The temperatures of different layers of the Sun. The Sun’s atmosphere gets progressively warmer with increasing distance from the core, from the photosphere at 6,000 K, to the chromosphere at 10,000 K, to the corona at 1,000,000 K. [ISAS/JAXA]

Blame Shocks for Heating?

The outer layers of the Sun present an interesting conundrum: instead of continuing to drop in temperature with increasing distance from the Sun’s hydrogen-fusing core — the way the Sun’s inner layers do — the atmosphere above the Sun’s surface becomes progressively hotter with distance. How is heat getting delivered from the Sun’s center to these outer layers? 

One possible culprit is shocks. Oscillations continuously travel through the Sun’s interior to its surface, launching compressible waves into its atmosphere. These waves can then evolve into shocks as they propagate outward — and the dissipation of these shocks can deposit energy into the Sun’s atmosphere, contributing to its heating.

Besides their potential role in atmospheric heating, these shocks serve a number of other purposes that should encourage us to study them. They are thought to serve as the trigger for observed phenomena, such as the tiny chromospheric jets driven in active regions. Furthermore, they can be used to probe the solar atmosphere — measuring shock properties can tell us more about the structure of the environment through which they propagate.

Theory and Observation Combined

Observational data used by the authors to derive the properties of two successive shock waves observed by IRIS. a) IRIS image, spanning 47” x 47”. The vertical line indicates the location of the spectrograph slit. b) the Doppler velocity of Si IV 1393.76 Å in the region marked by the horizontal white lines in panel (a). c) A wavelength-time plot of Si IV 1393.76 Å. [Adapted from Ruan et al. 2018]

Until now, however, we haven’t observationally measured the key parameters of shocks in the solar atmosphere — like the temperature, density, and speeds of the plasma upstream and downstream of the shock waves.
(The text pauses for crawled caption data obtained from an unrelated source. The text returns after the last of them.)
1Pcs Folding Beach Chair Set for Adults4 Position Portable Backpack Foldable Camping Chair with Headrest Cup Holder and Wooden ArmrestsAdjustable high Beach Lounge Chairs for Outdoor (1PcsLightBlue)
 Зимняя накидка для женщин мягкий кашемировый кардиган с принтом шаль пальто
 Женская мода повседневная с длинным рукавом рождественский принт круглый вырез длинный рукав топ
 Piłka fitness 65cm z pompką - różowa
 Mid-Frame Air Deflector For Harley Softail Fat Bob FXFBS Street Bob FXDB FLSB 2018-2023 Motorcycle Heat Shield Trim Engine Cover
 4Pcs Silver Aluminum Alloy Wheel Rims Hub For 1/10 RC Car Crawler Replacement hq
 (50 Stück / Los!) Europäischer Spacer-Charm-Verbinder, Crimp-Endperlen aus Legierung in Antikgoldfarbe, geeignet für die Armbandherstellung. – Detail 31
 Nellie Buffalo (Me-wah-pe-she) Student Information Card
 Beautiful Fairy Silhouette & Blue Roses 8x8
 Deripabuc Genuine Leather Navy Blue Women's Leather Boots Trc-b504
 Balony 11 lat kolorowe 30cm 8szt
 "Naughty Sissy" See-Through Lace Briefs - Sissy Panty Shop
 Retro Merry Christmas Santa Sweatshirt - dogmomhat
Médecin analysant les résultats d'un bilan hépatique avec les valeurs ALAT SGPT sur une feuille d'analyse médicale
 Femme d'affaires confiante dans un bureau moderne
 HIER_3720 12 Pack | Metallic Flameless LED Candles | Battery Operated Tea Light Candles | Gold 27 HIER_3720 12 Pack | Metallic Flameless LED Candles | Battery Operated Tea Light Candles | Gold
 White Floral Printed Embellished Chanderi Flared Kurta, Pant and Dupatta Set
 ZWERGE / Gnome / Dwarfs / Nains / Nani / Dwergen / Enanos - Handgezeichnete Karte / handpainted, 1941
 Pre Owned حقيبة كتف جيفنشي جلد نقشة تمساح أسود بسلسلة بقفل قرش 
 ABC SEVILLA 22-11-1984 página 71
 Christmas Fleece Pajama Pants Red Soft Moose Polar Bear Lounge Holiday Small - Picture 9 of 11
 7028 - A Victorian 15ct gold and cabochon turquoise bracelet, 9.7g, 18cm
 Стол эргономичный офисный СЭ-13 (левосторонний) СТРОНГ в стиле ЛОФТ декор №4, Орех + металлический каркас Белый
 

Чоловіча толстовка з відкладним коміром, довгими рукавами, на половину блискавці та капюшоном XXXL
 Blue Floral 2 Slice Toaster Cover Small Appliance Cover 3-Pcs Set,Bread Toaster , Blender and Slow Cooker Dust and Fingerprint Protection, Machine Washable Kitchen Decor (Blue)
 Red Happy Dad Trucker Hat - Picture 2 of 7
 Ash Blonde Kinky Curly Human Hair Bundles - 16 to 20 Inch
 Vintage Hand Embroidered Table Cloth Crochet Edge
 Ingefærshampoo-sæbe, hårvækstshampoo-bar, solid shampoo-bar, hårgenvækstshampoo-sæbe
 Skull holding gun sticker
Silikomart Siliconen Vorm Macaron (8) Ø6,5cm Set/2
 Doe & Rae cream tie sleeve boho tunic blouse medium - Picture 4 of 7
To address this challenge, a team of scientists at Peking University, the Chinese Academy of Sciences, and KU Leuven in Belgium have now developed a means of quantitatively analyzing the shocks we observe in the Sun’s atmosphere. In a recently published study led by Wenzhi Ruan, the team presents analysis that determine shock properties by using the theoretical physics of shocks in combination with quantities derived from simultaneous imaging and spectroscopic observations.

Testing the Approach

To test their analysis, the team takes two approaches. First, they apply the analysis to real shock observations — imaging and spectroscopy of two successive shock waves captured by the Interface Region Imaging Spectrograph (IRIS) observatory — and demonstrate that the shock properties they find are physically reasonable and consistent with each other.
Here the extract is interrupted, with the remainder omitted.